# Feedback Please - XAIR Compared to Vararam



## JeffM (Jan 27, 2014)

I have had a Vararam for over a year now and have been happy with it but I am considering the XAIR. The design just seems like it would be much more efficient especially eliminating the need to seal against the hood and not drawing hot air from the engine bay. I am getting ready to relocate the IAT sensor and thought about changing OTRCAI as well. I would consider a Svede also but getting one seems next to impossible and all I can say is that I am glad that I was able to reverse charges with West Coast Speed before it was too late. I know some have switched from Vararam, so what were your results and what is your recommendation?

Thanks and have a great weekend,

JeffM


----------



## svede1212 (Nov 1, 2005)

I can't give you first hand knowledge with the Xair but I can offer the opinion that it is a solid design and the size of the filter IMHO puts it ahead of the DuSpeed. My Svede has a very good cross-sectional area going over the radiator but as you've found out there is no reputable place to get them anymore. After WCS screwed everyone I considered restarting making them myself but with good, affordable products like the Xair now on the market it isn't worth my time or investment.


----------



## magpie5 (May 23, 2015)

Just researching the OTRCAI, came across this thread. I was just getting excited about buying american. Oh well. Sorry man, about the WCS. Dang. 
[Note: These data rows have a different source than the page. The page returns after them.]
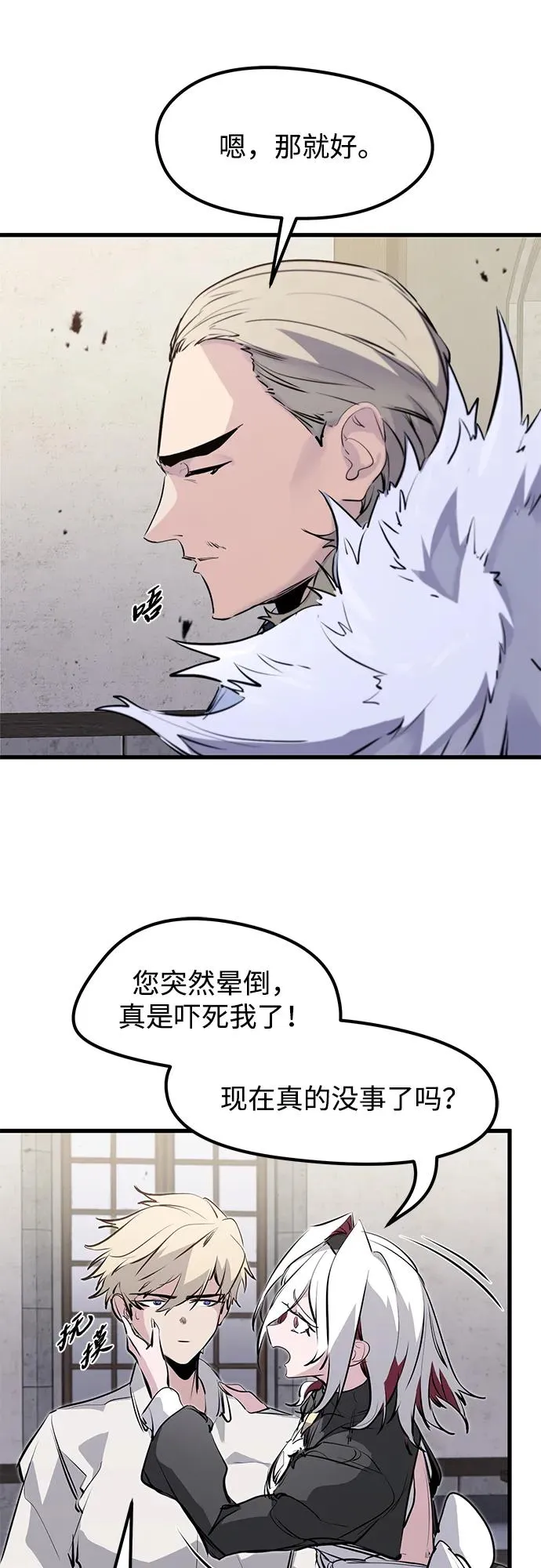第29话65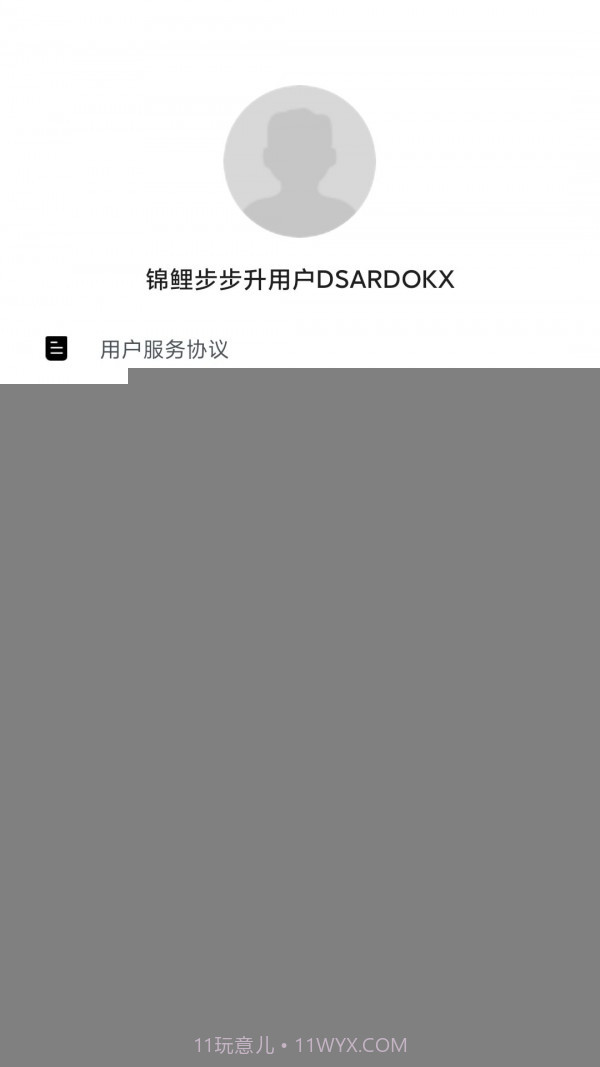 锦鲤步步升截图4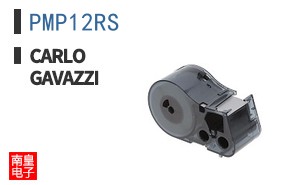 PMP12RS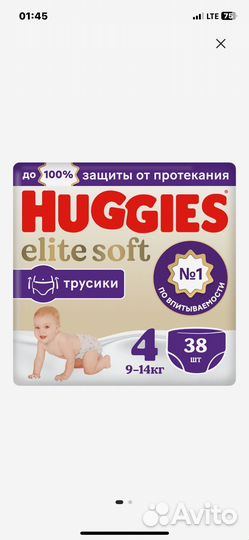 Подгузники трусики huggies 4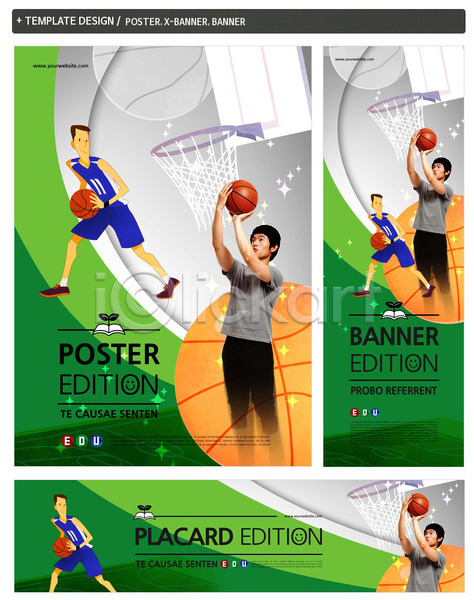 고등학생 남자 두명 한국인 PSD ZIP 배너템플릿 템플릿 가로배너 농구 농구공 농구대 농구선수 배너 세로배너 세트 슛 스포츠 포스터 현수막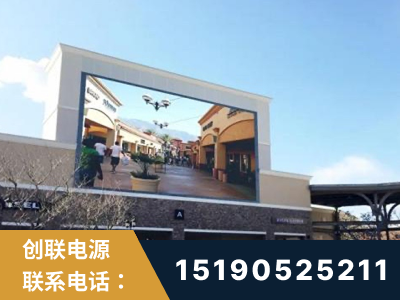 原平-北京八达岭奥特莱斯显示屏项目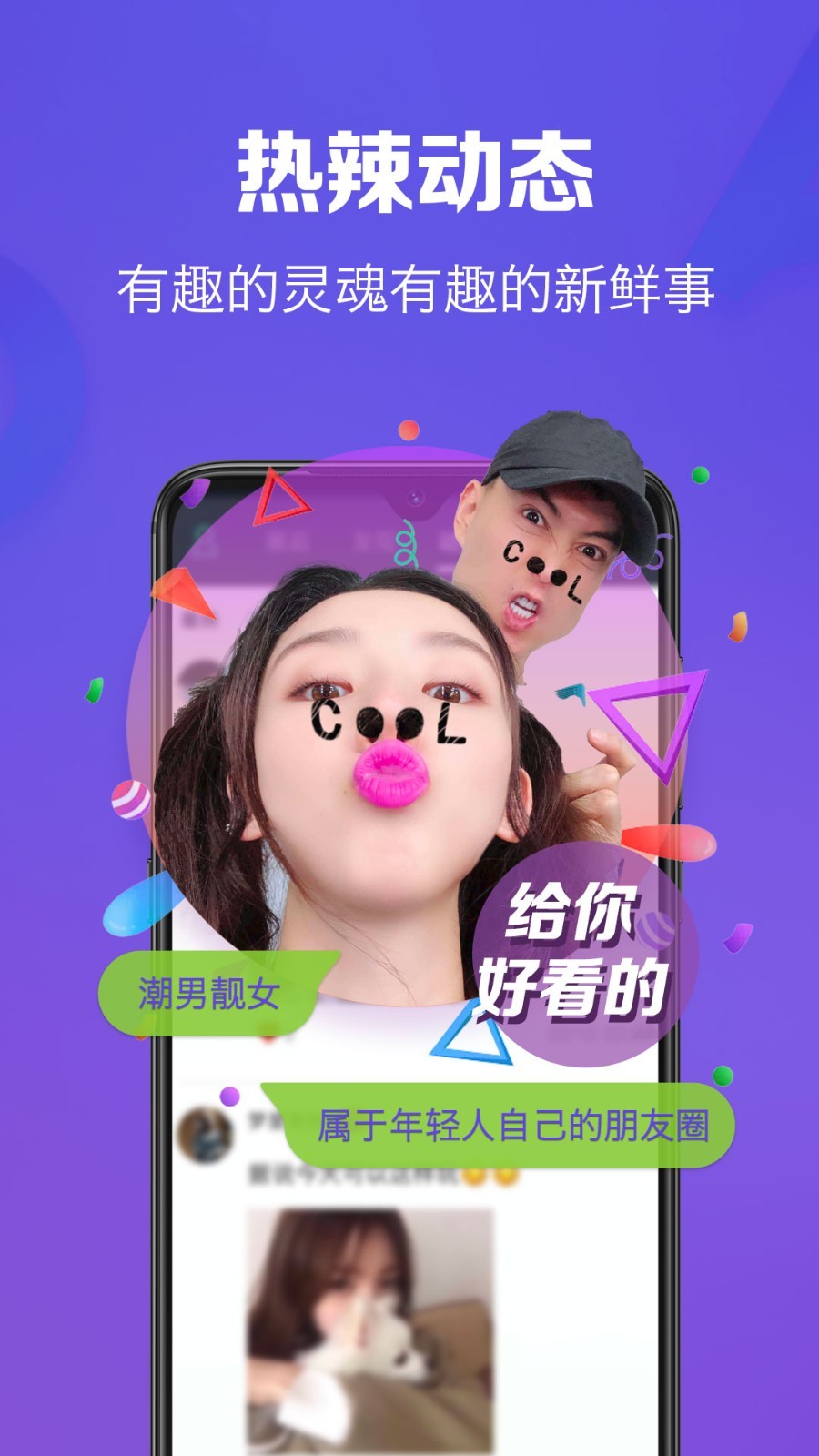 恋音app下载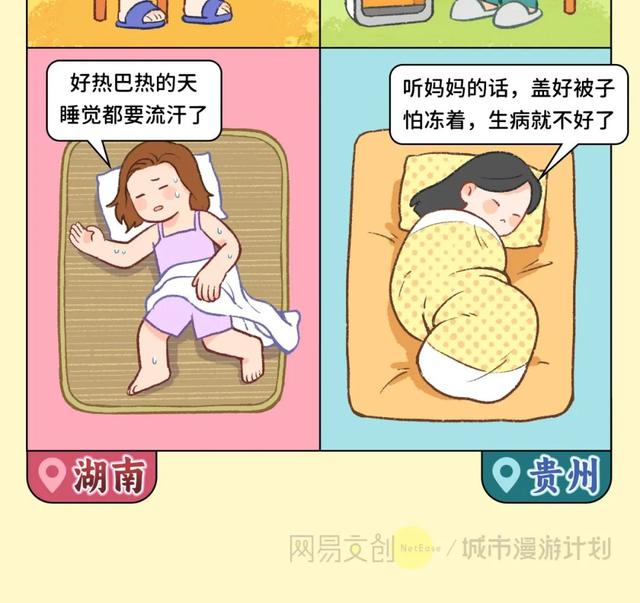 中国最被低估的避暑大省，免票了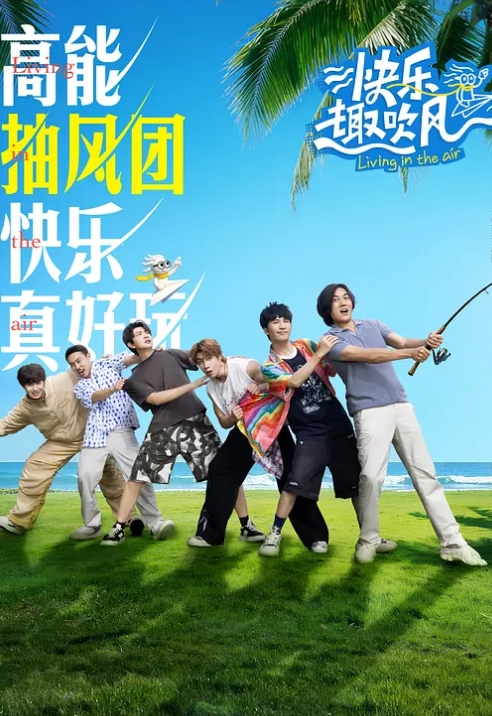 盲盒旅行局 第二季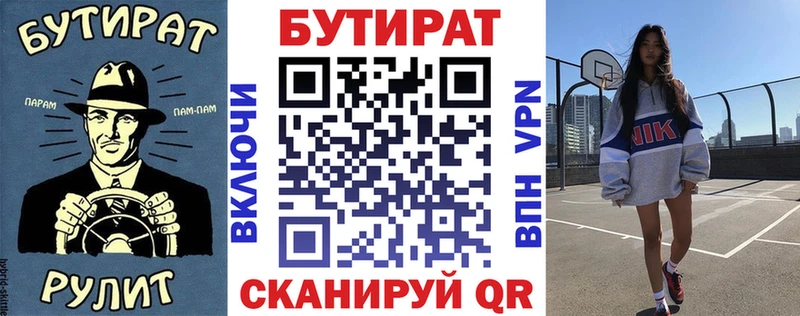 Купить где  Мончегорск  Бутират BDO 
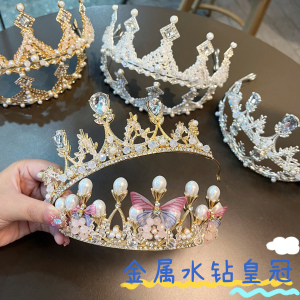 女童皇冠头饰儿童高端水晶王冠生日礼物公主宝宝发夹发卡新娘发饰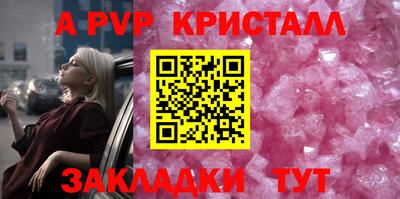мефедрон VHQ Анжеро-Судженск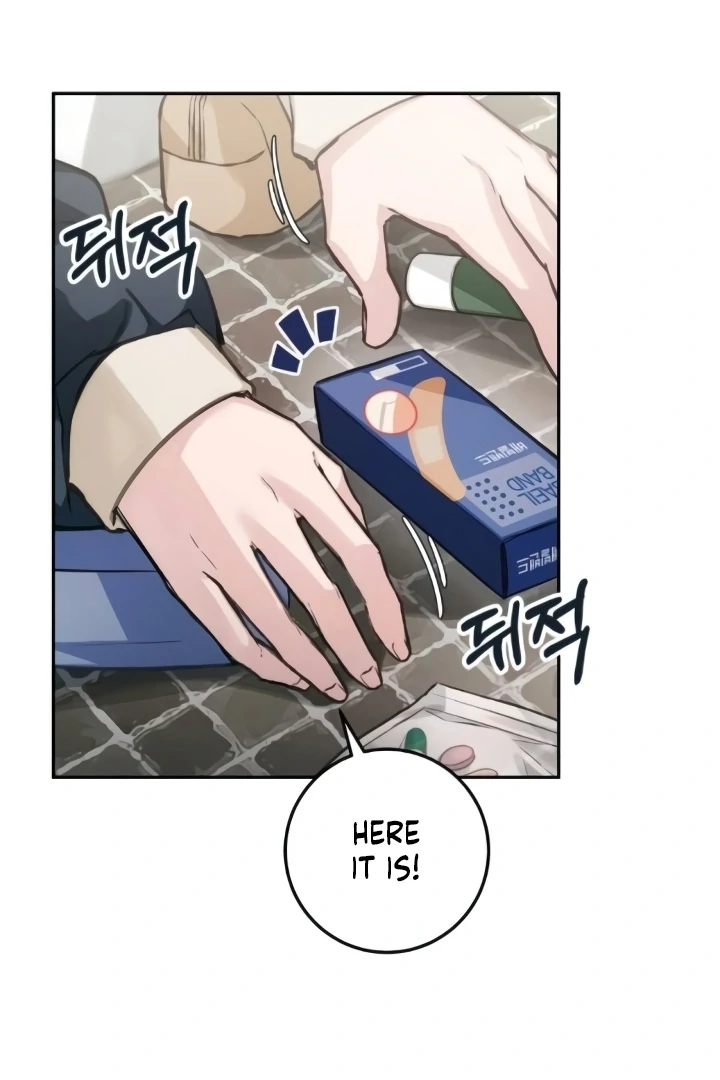 The perfect one, Dain Chapter 16 page 103 - 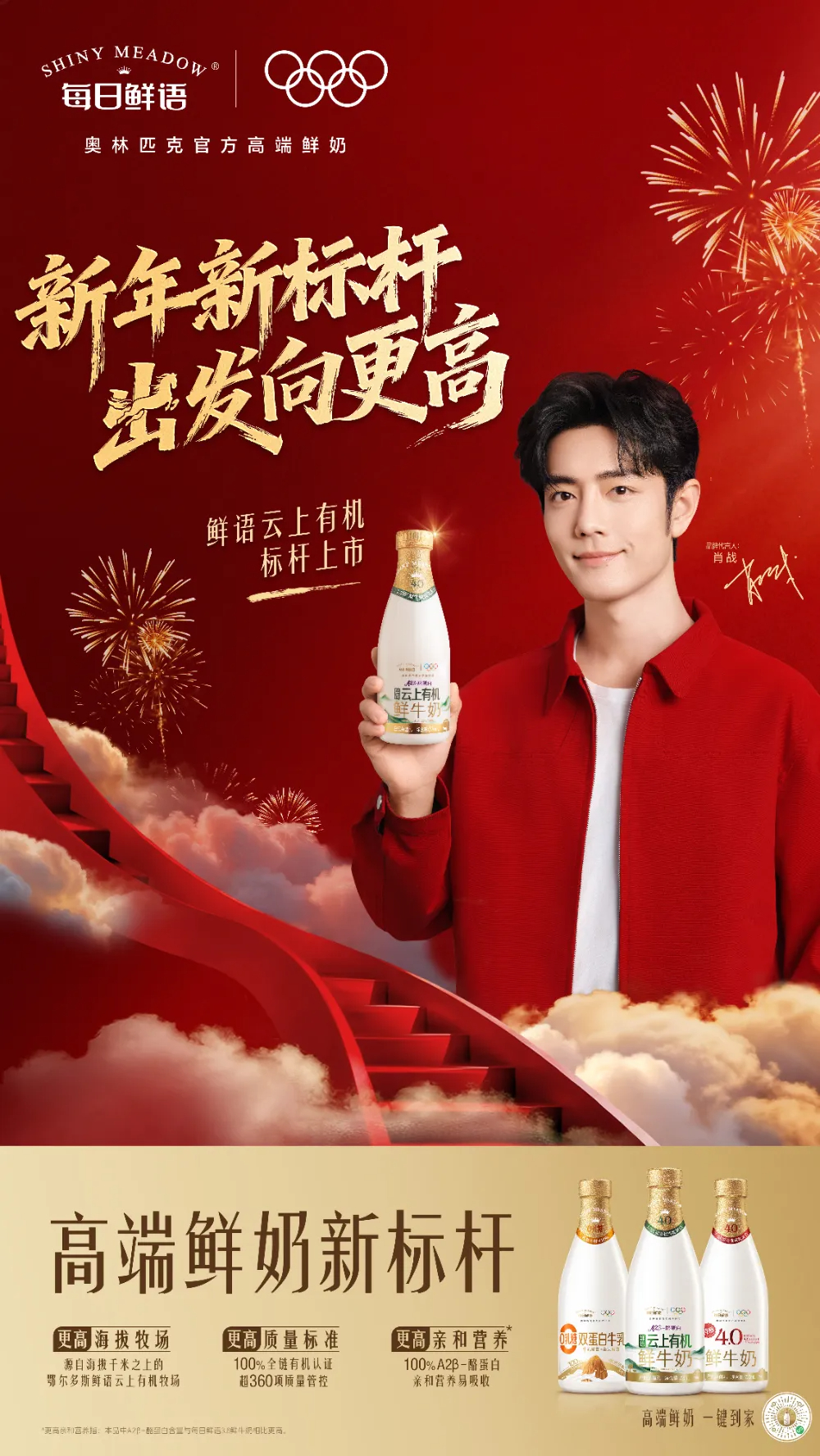 1769409515542759.jpg 1769409515542759.jpg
So I see Xair sells a matching OTRCAI radiator cover for the 04, but not the 05/06. What's up with that? My 06 GTO is stock. Any future mods I would like to do without hacking up stuff like that. Besides removing the stock radiator cover, are there any options out there?


----------



## Steamwalker (Mar 9, 2012)

Not sure how you mean. I don't know of any OTRCAI that would allow you to use the stock radiator shroud without cutting it and cutting up the rest of the fan shroud.


----------



## magpie5 (May 23, 2015)

http://www.bohnmancustoms.com/2004_GTO_Radiator_Cover/p2189578_13748680.aspx


----------



## Steamwalker (Mar 9, 2012)

That's the 2004 radiator cover. They don't make an 05-06. Either run without the cover or cut up your current one.


----------



## magpie5 (May 23, 2015)

Can anyone tell me how different the 2004 versus the 05/06 radiator covers are? Could I use the X air 2004 radiator cover on an 05/06 with only minor modification? I guess my preference would be to run the X air intake without the radiator cover versus cutting up the stock radiator cover. But if I could make The 04 cover work, I would be tempted to try it.


----------



## svede1212 (Nov 1, 2005)

No, the LS2 has a radiator cap and overflow bottle that the '04 doesn't have. For what the Xair cover costs you could buy a spare used stock cover cheaper


----------



## magpie5 (May 23, 2015)

Gotcha. Thanks for the info.


----------